Freshman Mirna Lopez won the Just Mercy multimedia contest with her original drawing “Forgive, Forget, and Show Mercy,” which captured her own experiences of the building strength through forgiveness.

An article by doctoral student Ruaim Muaygil, M.D. (Albert Gnaegi Center for Healthcare Ethics) titled "Re-examining the Prohibition of Gestational Surrogacy in Sunni Islam," was published in the online version of Developing World Bioethics and also will appear in print.

Doctoral student Patrick O’Sullivan (School of Education), principal at Christ the King Catholic School in Dallas, Texas, was selected to receive the 2017 Lead. Learn. Proclaim.

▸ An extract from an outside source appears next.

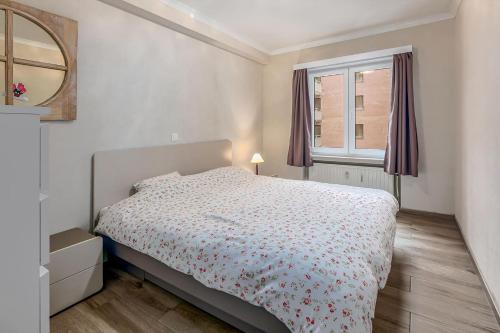 a bedroom with a bed and a window at Sun Beach 0201 in Sint-Idesbald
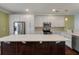 Bright kitchen with white cabinetry, stainless appliances, and a large island with stone countertop at 1533 Bluewater Way, Charleston, SC 29414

Award from the National Catholic Educational Association (NCEA) for dedication and commitment to excellence.
O’Sullivan was chosen from more than 150,000 teachers and administrators, as well as diocesan leaders and organizations dedicated to the nation’s Catholic schools. He will be recognized during the annual NCEA 2017 Convention & Expo in April. The annual award honors those whose ministry is Catholic school education and who have demonstrated a strong Catholic educational philosophy as well as exceptional ability, dedication and results.